Nortel Files for Bankruptcy Amid Credit Squeeze
By Bob Van Voris and Joe Schneider
Jan. 14 (Bloomberg) -- Nortel Networks Corp., North America’s biggest maker of telephone equipment, filed for bankruptcy protection in a U.S. bankruptcy court.
Nortel, based in Toronto, had more than $1 billion in assets and debt, according to today’s Chapter 11 filing of its U.S. subsidiary in Wilmington, Delaware.
Nortel has lost almost $7 billion since Chief Executive Officer Mike Zafirovski took over in 2005, leaving him struggling for the funds to operate the company.

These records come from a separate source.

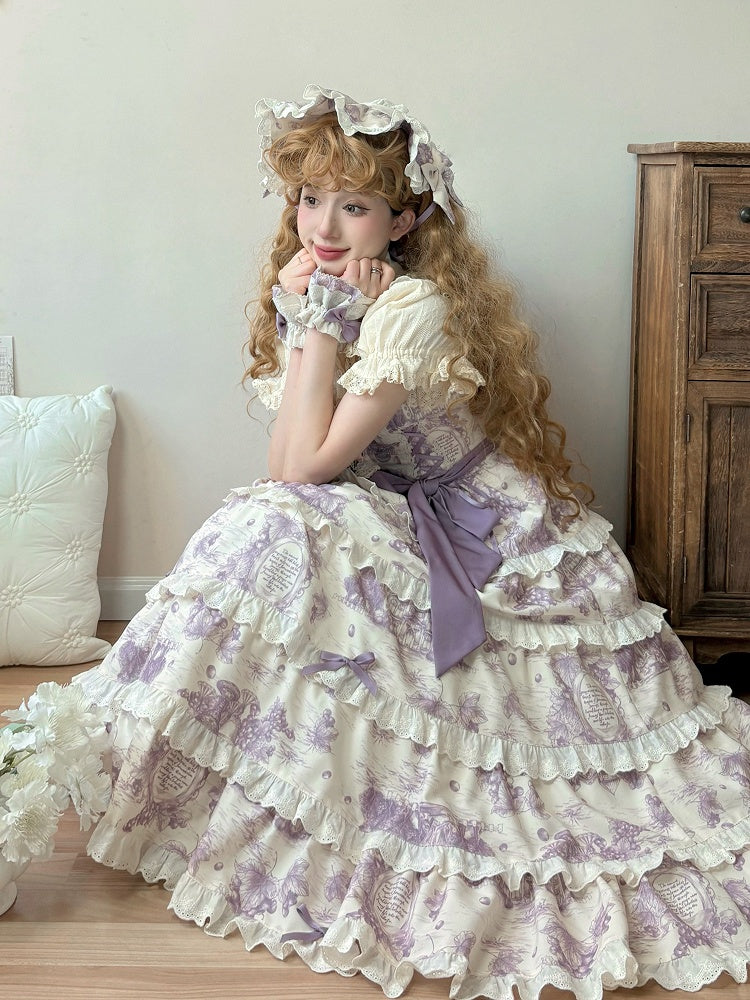 Lila Lolita Kleid mit abnehmbarem Traubensaum und veränderbarem Druck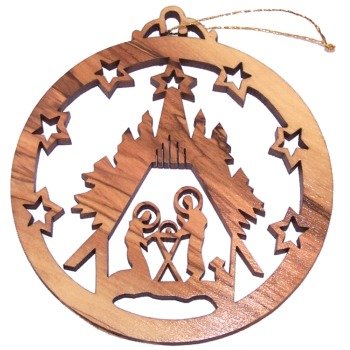 Holy Land Market Bethlehem Nativity scene olive Wood Ornament - Laser carving (9 cm 3.5 di.、mySite、topwebapps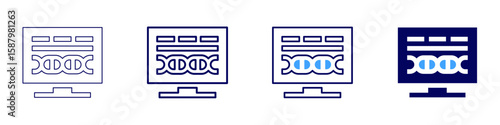 Family pedigree icon in 4 different styles. Thin Line, Line, Bold Line, Duotone. Duotone style. Editable stroke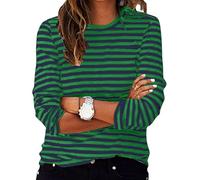 Casual Long Sleeve Striped Tops for Women UK Plus Size Crewneck Colorblock Tunic Tops Cotton Lightweight Thin Jumper with Side Split White Green Blue Red Baseball Jersey 6XL 5XL 3XL XS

Bank of New York Mellon was listed as Nortel’s largest unsecured creditor in its role as trustee on more than $3.8 billion in notes.
As of Sept. 30, Nortel’s debt amounted to $6.3 billion, including adjustments for operating leases, pension deficits and other items. The company has $1 billion in bonds that come due in 2011. Total liabilities amounted to almost $12 billion.
Zafirovski had sought to revive Nortel’s fortunes by cleaning up the balance sheet and reducing the workforce by 18 percent since he started. Demand for Nortel’s gear, mainly based on older code division multiple access technology, has waned as customers move to faster systems.
Money markets in the U.S. seized up following the Sept. 15 failure of the securities firm Lehman Brothers Holdings Inc. Banks stopped lending as they hoarded cash, pushing the country into a deeper recession. That’s making it more difficult, and more expensive, for companies like Nortel to find new financing.
The company could sell the CDMA unit to raise money, RBC analyst Mark Sue said in a report in November. The challenge is that too many asset sales may conflict with Nortel’s debt covenants, said Sue, who cut his target on the stock price to $0.